Austin, Texas may be an urban hub for tech and BBQ, but it also nurtures a culture of outdoor recreation. Along with towering glass buildings, the metropolis is laced with greenways, and none is more pronounced than the series of parks that border Lady Bird Lake, the dammed-off stretch of the Colorado River which wanders through the heart of Austin.
While labeled a lake, Lady Bird does have a mild current running west to east. It’s common for paddlers to put in and out at the same point, paddling up and down the river. We, however, have inflatable pack rafts. So, rather than planning a return trip by water, we pack backpacks into our rafts and set out to paddle with the current and then return on foot—taking the opportunity to grab some lunch and explore the paved thoroughfares of Austin’s downtown.
Paddling Lady Bird Lake
The Colorado wanders along the southwest edge of downtown Austin. Most of it is buffered from the busy city by public parks with paths, picnic pavilions, and other outdoor spaces. The southern shore is far less busy, and we find ample space to park in a dirt lot near the Zilker Botanical Garden. The spot is close to the water in terms of distance but not elevation. We are on a bluff with thick foliage. Finding a location to put in isn’t immediate, but self evident when we find it.

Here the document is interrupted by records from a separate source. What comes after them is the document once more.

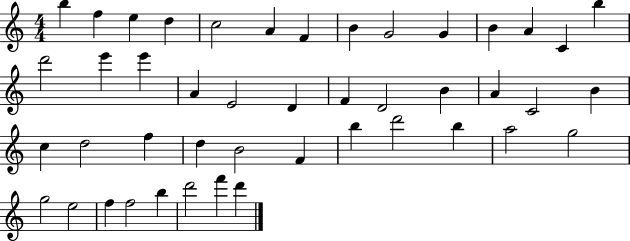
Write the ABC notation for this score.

X:1
T:Untitled
M:4/4
L:1/4
K:C
b f e d c2 A F B G2 G B A C b d'2 e' e' A E2 D F D2 B A C2 B c d2 f d B2 F b d'2 b a2 g2 g2 e2 f f2 b d'2 f' d' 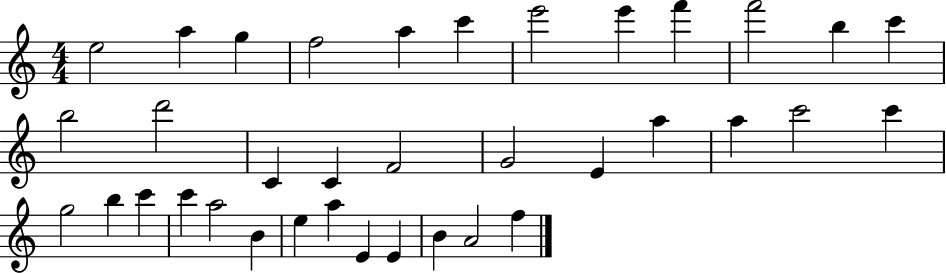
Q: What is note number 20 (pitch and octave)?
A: A5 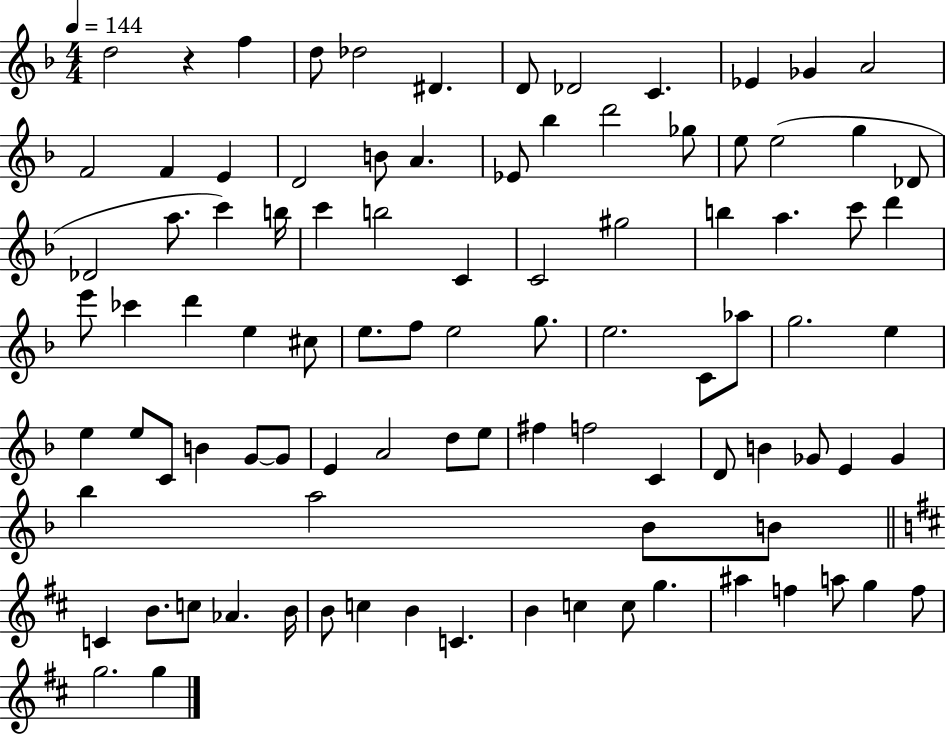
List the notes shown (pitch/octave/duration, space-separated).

D5/h R/q F5/q D5/e Db5/h D#4/q. D4/e Db4/h C4/q. Eb4/q Gb4/q A4/h F4/h F4/q E4/q D4/h B4/e A4/q. Eb4/e Bb5/q D6/h Gb5/e E5/e E5/h G5/q Db4/e Db4/h A5/e. C6/q B5/s C6/q B5/h C4/q C4/h G#5/h B5/q A5/q. C6/e D6/q E6/e CES6/q D6/q E5/q C#5/e E5/e. F5/e E5/h G5/e. E5/h. C4/e Ab5/e G5/h. E5/q E5/q E5/e C4/e B4/q G4/e G4/e E4/q A4/h D5/e E5/e F#5/q F5/h C4/q D4/e B4/q Gb4/e E4/q Gb4/q Bb5/q A5/h Bb4/e B4/e C4/q B4/e. C5/e Ab4/q. B4/s B4/e C5/q B4/q C4/q. B4/q C5/q C5/e G5/q. A#5/q F5/q A5/e G5/q F5/e G5/h. G5/q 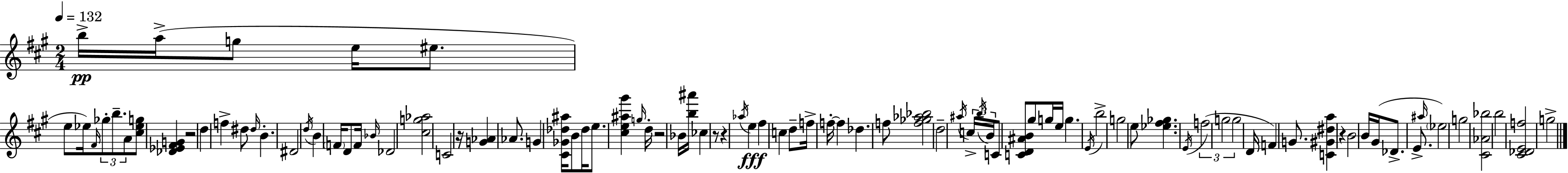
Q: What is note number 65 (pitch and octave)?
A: G4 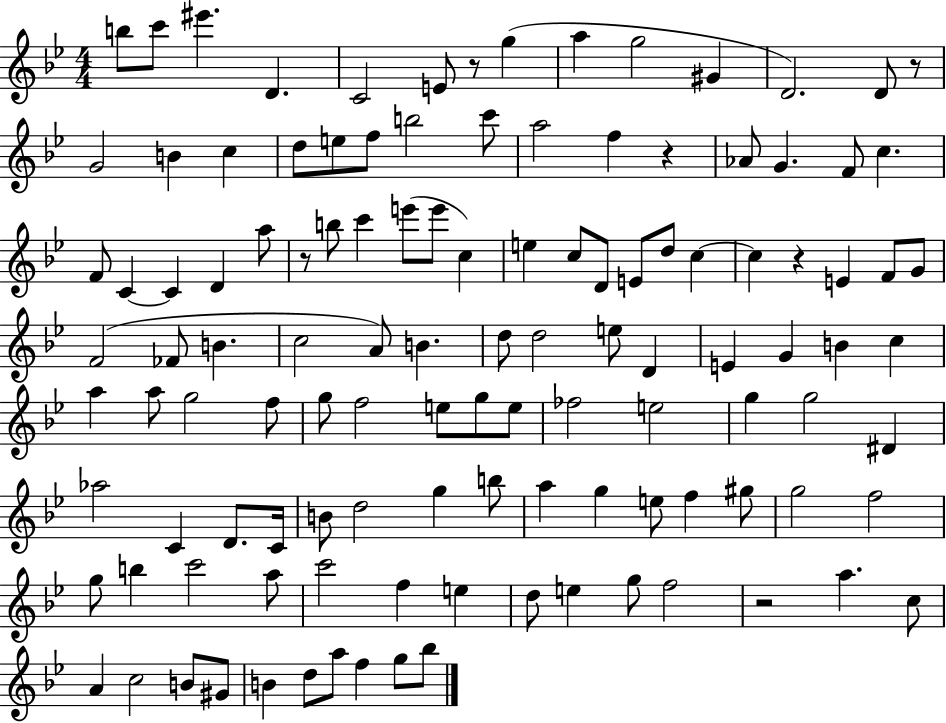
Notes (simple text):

B5/e C6/e EIS6/q. D4/q. C4/h E4/e R/e G5/q A5/q G5/h G#4/q D4/h. D4/e R/e G4/h B4/q C5/q D5/e E5/e F5/e B5/h C6/e A5/h F5/q R/q Ab4/e G4/q. F4/e C5/q. F4/e C4/q C4/q D4/q A5/e R/e B5/e C6/q E6/e E6/e C5/q E5/q C5/e D4/e E4/e D5/e C5/q C5/q R/q E4/q F4/e G4/e F4/h FES4/e B4/q. C5/h A4/e B4/q. D5/e D5/h E5/e D4/q E4/q G4/q B4/q C5/q A5/q A5/e G5/h F5/e G5/e F5/h E5/e G5/e E5/e FES5/h E5/h G5/q G5/h D#4/q Ab5/h C4/q D4/e. C4/s B4/e D5/h G5/q B5/e A5/q G5/q E5/e F5/q G#5/e G5/h F5/h G5/e B5/q C6/h A5/e C6/h F5/q E5/q D5/e E5/q G5/e F5/h R/h A5/q. C5/e A4/q C5/h B4/e G#4/e B4/q D5/e A5/e F5/q G5/e Bb5/e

Putting in on Lady Bird Lake
We pick our parking spot because there are several rowing rentals and clubs located nearby. While we didn’t see any public launches or docks on Google Maps, we assume this density would coincide with something friendly to the casual paddler. I spot a few rough scrambles to the shoreline that we could attempt. But this isn’t some wilderness launch point. This is Austin. There must be a more practical spot that doesn’t unduly promote erosion on steep bluffs.
Fortunately, we can walk from our parking spot to a level launch point on the northern shore under the Roberta Crenshaw Pedestrian Walk Way. We clearly are not the only people using this as a launch point. It’s a well-trodden area with evidence of many other launches. We inflate our rafts, stow our gear in dry bags, and push off. As we paddle downstream, we see another pair of paddlers at the end of their trip, paddling towards the level and clear stretch of land we had just vacated. Yup, it’s a popular spot.
Exploring the Shoreline.
It’s a relaxing paddle downstream from the launch point, with views of Downtown Austin. We spot Great Blue Heron, Snowy White Egrets, and humans grazing and engaging in courtship rituals. The only downside is that we are paddling east in the morning. So we are paddling into the sun. For a one-way paddle, we would be better served traveling west in the morning or east in the afternoon. But any paddling is better than no paddling. And we have things to see downtown.
We pass under several bridges. Some are utilitarian. Some are sculptural, And one is utterly unique. The Congress Avenue Bridge is more than just a towering river crossing; it is also home to a massive colony of bats.
The Bats of Congress Avenue Bridge
At the end of a warm, calm day, crowds gather around the Congress Avenue Bridge to see the bats flood the sky in one mass cloud of wings. It’s an awe-inspiring experience…under ideal conditions, that is. And to understand what makes for the best bat viewing, you must understand the bats.
While many bats call Austin home, the Congress Avenue Bridge is home to a maternity colony of Mexican free-tailed bats. These migratory bats spend the winter in Mexico but return to Austin to birth and rear their pups. The bats roost in gaps between the road deck and concrete structures during the day and take flight in the evening to hunt for flying insects.
The number of bats that take flight each night varies depending on the season, weather conditions, and how hungry the bats are. While much of the spring and summer make for good bat watching, the peak time is August as the offspring mature. But numbers also vary daily. On a cold, windy, rainy evening, flying conditions are poor, and well-fed bats are far less likely to take wing. But on a warm, calm evening, the sky can be filled by the synchronized flight of the world’s largest urban bat colony.
The Austin Bat Refuge puts out predictions for each night based on past behavior and weather.
Walking Through Downtown Austin
While we could have continued paddling on the Colorado River, we find a dock on the north shore with limited public use at the Austin Rowing Club just after the Congress Avenue Bridge. We quickly deflate and pack our rafts in backpacks before exploring downtown Austin.
Driving through Austin can be harrowing, but the city is profoundly walkable. We are grateful to have the camper parked outside of downtown as we walk past parking garages with ambitious entry fees.
For those looking to commune with nature, it’s a simple enough choice to return via the river walk. It’s an uninterrupted scenic trail popular with walkers, runners, bikers, and anyone looking to relax outside. However, we opt to explore the city and wander down 6th Street, the touristy heart of Austin with quirky bars and oddities such as the Museum of the Weird. We enjoy margaritas at the Iron Cactus, find my favorite beer at a Belgian beer garden, and enjoy some Austin BBQ as we return to the camper.
It’s the perfect day. And by the late afternoon, we are speeding away from the busy city, headed for watery wilderness.